Supplied records
========

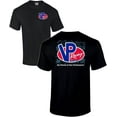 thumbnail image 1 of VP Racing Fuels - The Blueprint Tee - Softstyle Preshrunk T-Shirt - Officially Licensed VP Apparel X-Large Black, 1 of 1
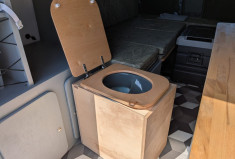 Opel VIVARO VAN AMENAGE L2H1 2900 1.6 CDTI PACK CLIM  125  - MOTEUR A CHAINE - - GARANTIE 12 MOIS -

========

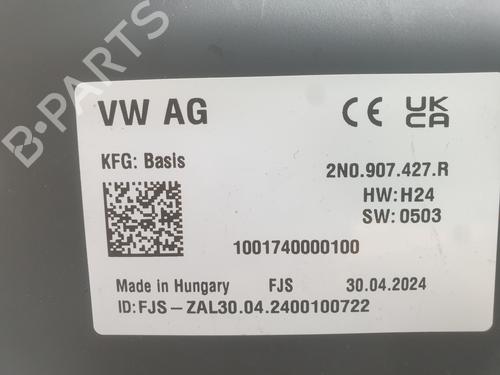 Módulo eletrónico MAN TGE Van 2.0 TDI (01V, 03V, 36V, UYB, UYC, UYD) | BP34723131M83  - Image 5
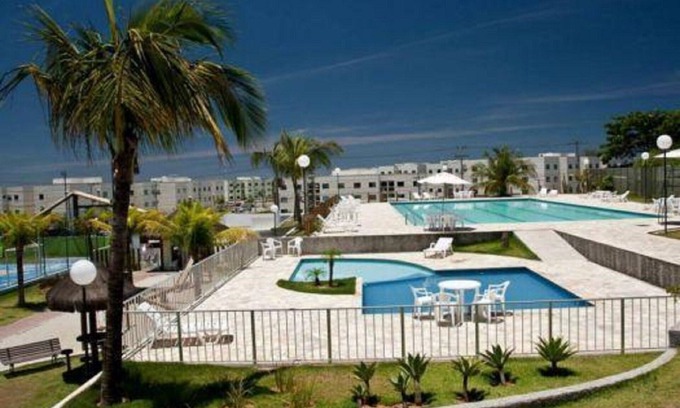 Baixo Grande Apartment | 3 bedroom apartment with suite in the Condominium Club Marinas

========

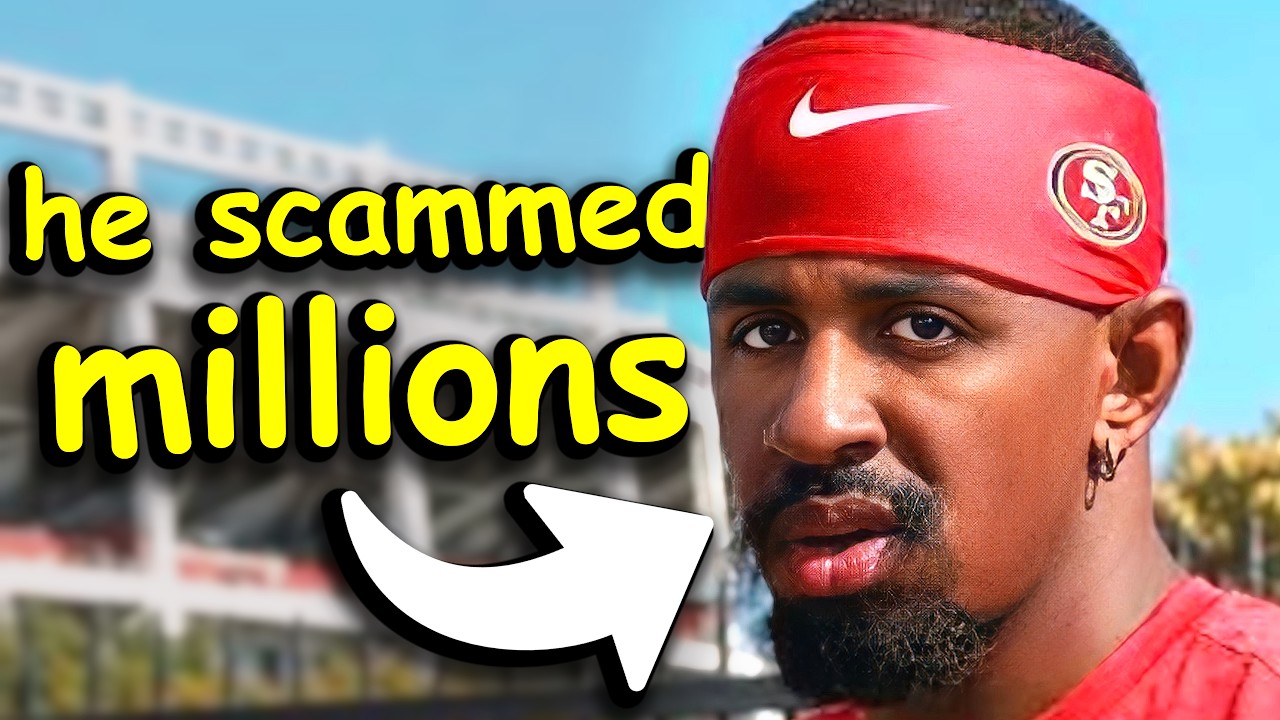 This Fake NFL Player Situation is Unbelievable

========

What you have to do
Output exactly the lines above, from the line with "Módulo eletrónico MAN" to the line with "Baixo Grande Apartment", both included; skip the pictures.

Exercise result
 Módulo eletrónico MAN TGE Van 2.0 TDI (01V, 03V, 36V, UYB, UYC, UYD) | BP34723131M83  - Image 5
 Baixo Grande Apartment | 3 bedroom apartment with suite in the Condominium Club Marinas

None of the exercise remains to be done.